**TASK TO CARRY OUT**
The entries below contain pictures, which are to be left out; write out exactly, and only, the lines from the line with "Pottery Barn Colossal" up to and including the line with "localisation de l'entreprise".

**DATA SHOWN**
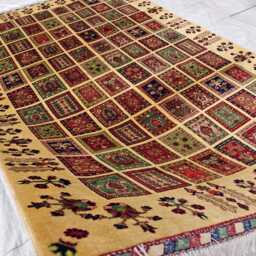 Handmade Afghan Wool Rug 10.3 X 6.8 Ft, Oriental Ayni Design - thumbnail 3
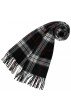 Soft cashmere mens scarf checked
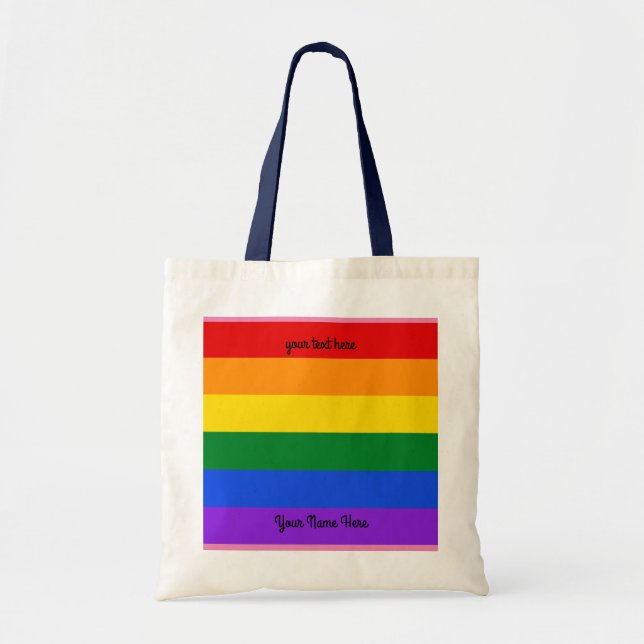 Regnbåge #1 Tote Bag Tygkasse (Framsidan)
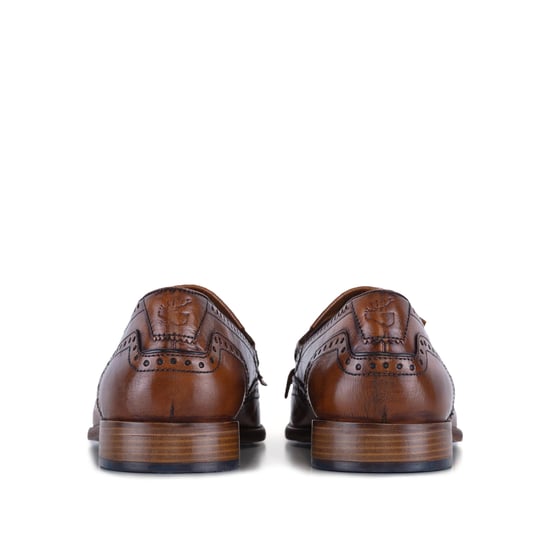 Goodwin Smith Mens Gs Sebastian Tan Fringe Loafer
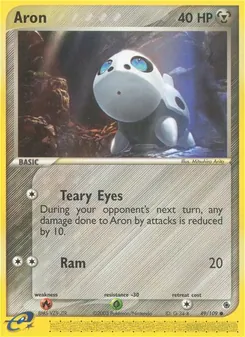 Aron, card 49 from Ruby & Sapphire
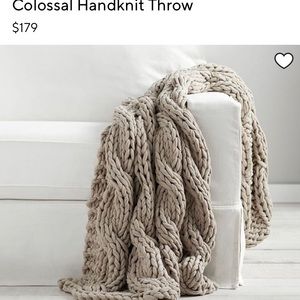 Pottery Barn Colossal Handknit Throw. BEST SELLER.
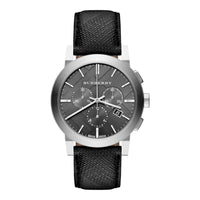 Burberry BU9362 Grey Dial Black Leather Men's Watch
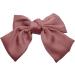 Topkids Accessories Satin Hair Bow Clip Barrette Cute Hair Styling Ribbon Bow Accessory on a Barrette Clip Bows for Girls Kids Women Ladies for Wedding Festival Holiday (15cm Pink) - Buy Online on GoSupps.com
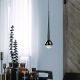 Pendule, Lustre suspendate - Pendul LED din metal negru cu sticla Cappi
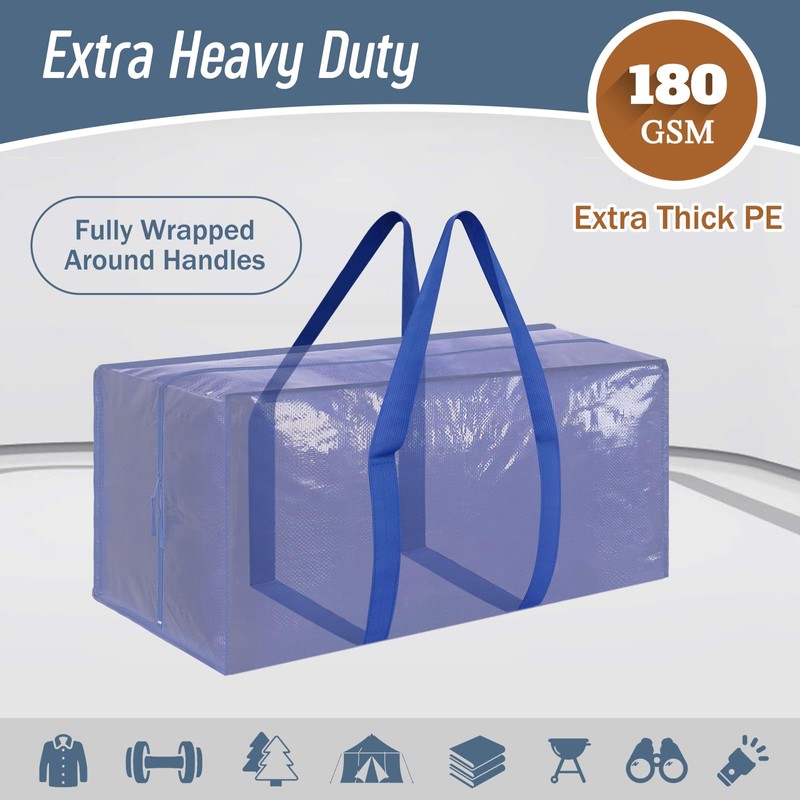 6 Pack Extra Heavy Duty Large Moving Bags with Strong
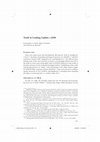 Research paper thumbnail of Truth in Lending Update—2008
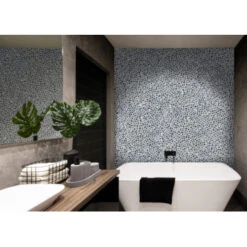 Nature Stone Pebble Antraciet 30x30 Cm 1 M² -Badkamer Winkel 123 1140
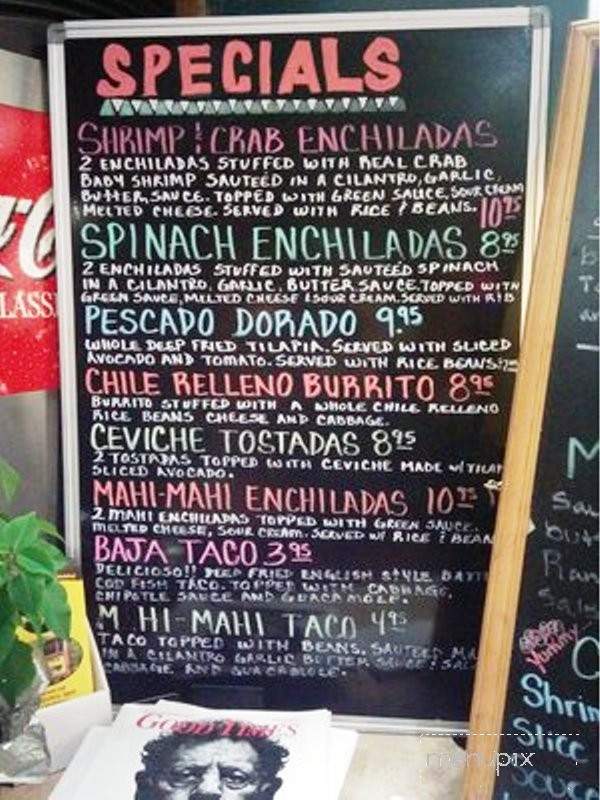Leo's Taco Bar - Santa Cruz, CA menu_pic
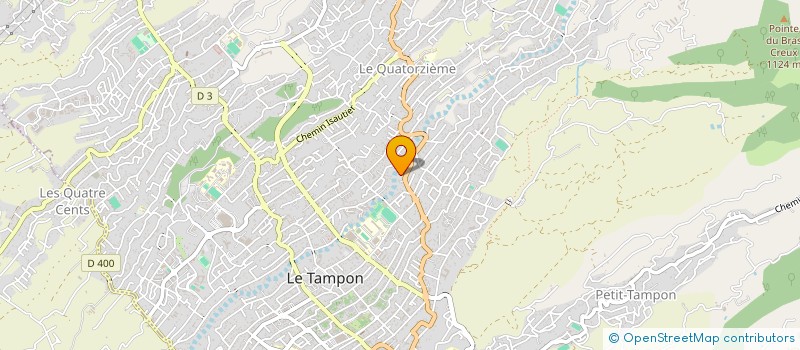 localisation de l'entreprise FVI  LE TAMPON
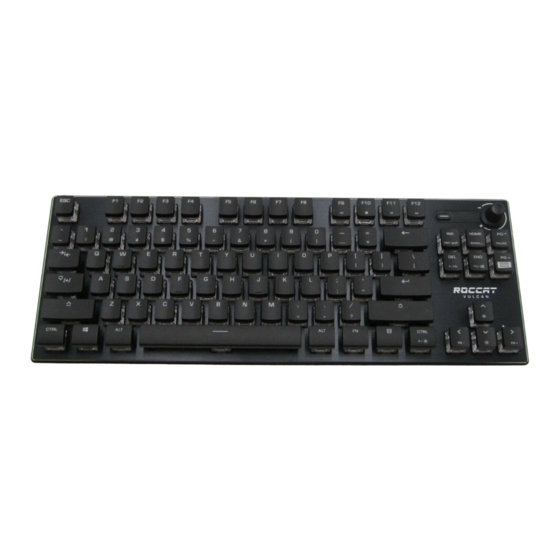 Roccat VULCAN TKL PRO Quick Installation Manual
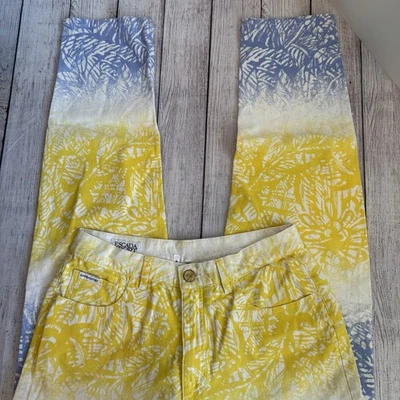 Pantalones ESCADA SPORT Vintage Palm Leave cintura alta 38 Foto 1 de 4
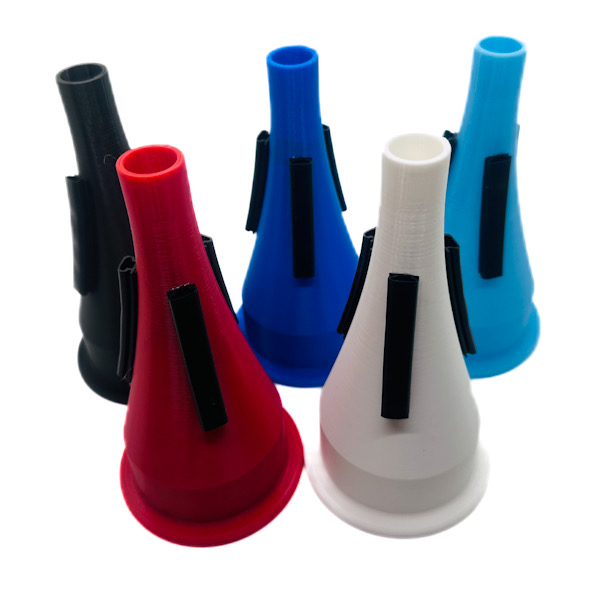 Experimute prototypes — front view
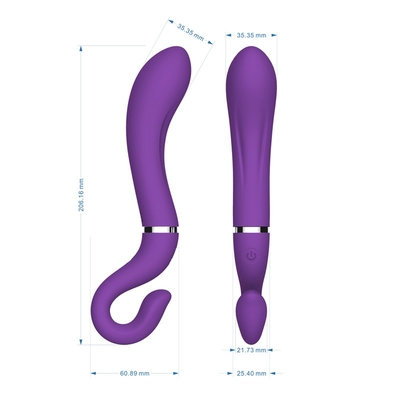 IPX6 10 frequências do sexo artificial Toy For Women do vibrador da vagina 206.2*60.9*35.4mm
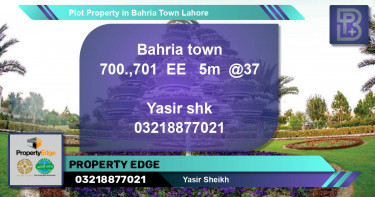 Residential Plot for Sale in Bahria Town, Lahore - (BP-51763)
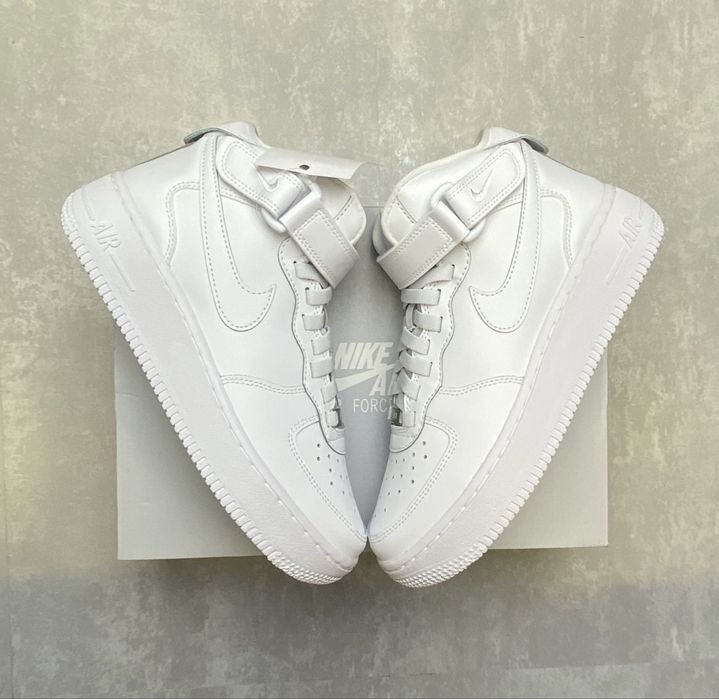 Nike Air Force 1 Mid Triple White Adidasi Sneakers -36-40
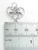 Faith sterling silver charm .925 Caring Loving charms Belief charms detail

**EXERCISE OUTPUT**
 Pottery Barn Colossal Handknit Throw. BEST SELLER.
 Burberry BU9362 Grey Dial Black Leather Men's Watch
 Topkids Accessories Satin Hair Bow Clip Barrette Cute Hair Styling Ribbon Bow Accessory on a Barrette Clip Bows for Girls Kids Women Ladies for Wedding Festival Holiday (15cm Pink) - Buy Online on GoSupps.com
 Pendule, Lustre suspendate - Pendul LED din metal negru cu sticla Cappi
 6 Pack Extra Heavy Duty Large Moving Bags with Strong
 Research paper thumbnail of Truth in Lending Update—2008
 Nature Stone Pebble Antraciet 30x30 Cm 1 M² -Badkamer Winkel 123 1140
Leo's Taco Bar - Santa Cruz, CA menu_pic
 localisation de l'entreprise FVI  LE TAMPON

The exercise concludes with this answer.